Mortgage stress tests were introduced some years ago as an added security to protect the overall lending market from risky first time home buyers. Stress tests were intended to prove that first time buyers would be able to pay their mortgages in the event of their borrowing rates going up. There have been calls to scrap stress tests, or ease qualifying rates, but the Office of the Superintendent of Financial Institutions has declined to do this. It has opted to keep stress tests in place without any changes to their qualifying criteria. The minimum qualifying rate will stay at the greater of the mortgage contract rate plus 2% points, or 5.25%. Buyers who can put together 20% or more for a down payment don’t have to worry about the stress test, a benefit with average home prices starting to decline. OSFI officials have resisted calls to lower or eliminate stress tests, and complain that doing so would be “speculative” on mortgage rate cycles. Regulators see stress tests as a financial stability mechanism, not a tool to lower housing or increase housing demand.

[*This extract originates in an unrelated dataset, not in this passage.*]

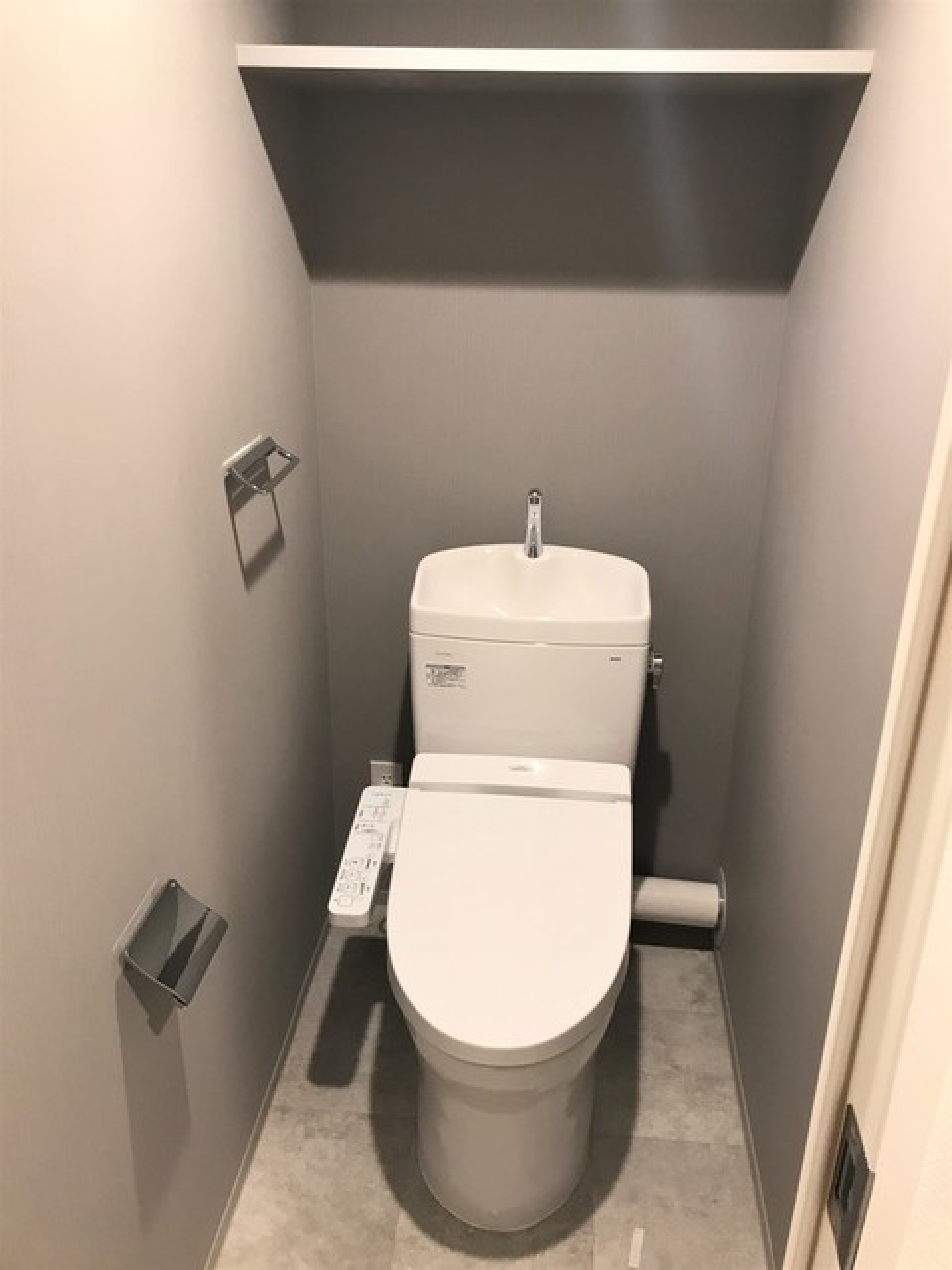 棚があるので日用品などをストックしやすそうです。※写真は同タイプ住戸です。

Turning now to the U.S. inflation rate and actions by the U.S. Fed – a new admission by Fed Chair Jay Powell needs to be aired. Powell was asked whether the Fed would consider raising its 2% inflation target. Powell was quick to respond definitively in the negative, saying that the Fed would not consider doing so “under any circumstances.” However, as he wrapped up his answer, Powell admitted that raising the inflation target might “be a longer-run project at some point“. This admission lines up with what some market analysts and experts had been hinting at, that a 2% inflationary target in the current macro economy is going to be very hard to manage. The higher the central banks raise their rates, the more damage they will inflict on the underlying economy – and rate hikes have not yet resulted in a steady and consistent decline in inflation. The markets immediately took this as a dovish signal, even as Powell raised rates by 50 basis points and hinted at more rate hikes on their way next year.
Wall St. billionaire Bill Ackman was quick to tweet that the 2% inflation target was no longer “credible.” Ackman pointed to de-globalization, alternative, higher priced energy, the demand for higher wages, and supply chain issues as all pointing to the need for a higher inflation target. He suggested the Fed would eventually be forced to raise its target in the near future. A higher inflation target would simply be a capitulation to higher prices, and less pressure on the bank to respond hawkishly with higher rates. This sentiment could quickly catch on at the Bank of Canada and would have implications to Canadians. Ackman tweeted further that he doesn’t see inflation coming back down to 2% in the U.S. without a “deep, job-destroying” recession. Highlighting the extent of the inflationary problem in the U.S.